Provided data =>
________________________________________

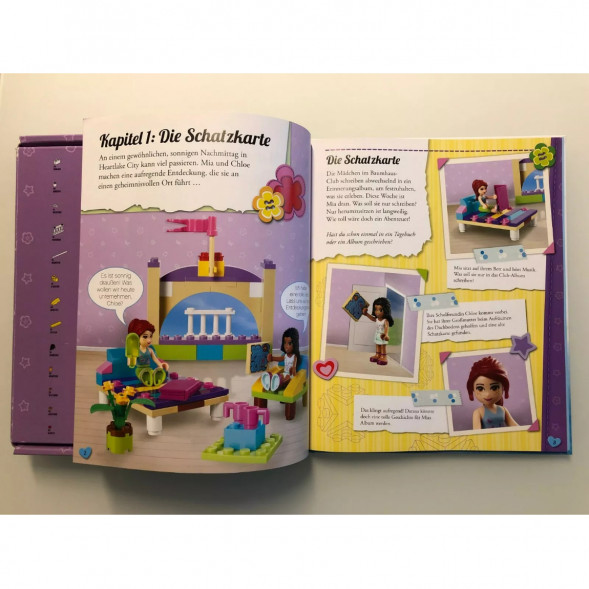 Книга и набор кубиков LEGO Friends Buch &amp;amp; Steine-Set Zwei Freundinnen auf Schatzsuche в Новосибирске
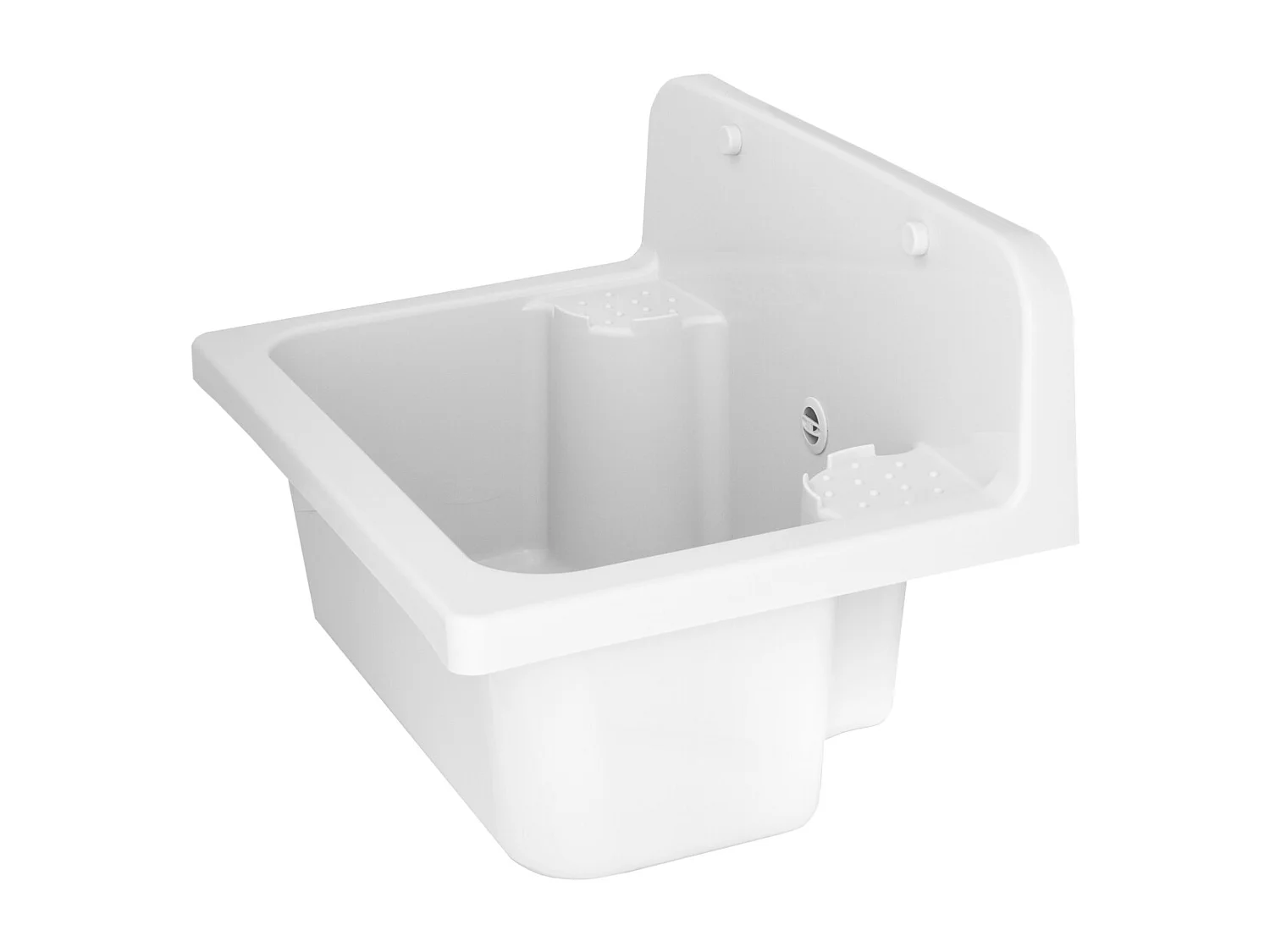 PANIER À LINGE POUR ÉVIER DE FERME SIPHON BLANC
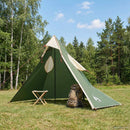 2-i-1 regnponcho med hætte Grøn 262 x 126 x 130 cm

________________________________________

Problem to work on => Would you retype all the material above exactly, apart from its pictures?

Answer below =>
 Книга и набор кубиков LEGO Friends Buch &amp;amp; Steine-Set Zwei Freundinnen auf Schatzsuche в Новосибирске
 PANIER À LINGE POUR ÉVIER DE FERME SIPHON BLANC
 2-i-1 regnponcho med hætte Grøn 262 x 126 x 130 cm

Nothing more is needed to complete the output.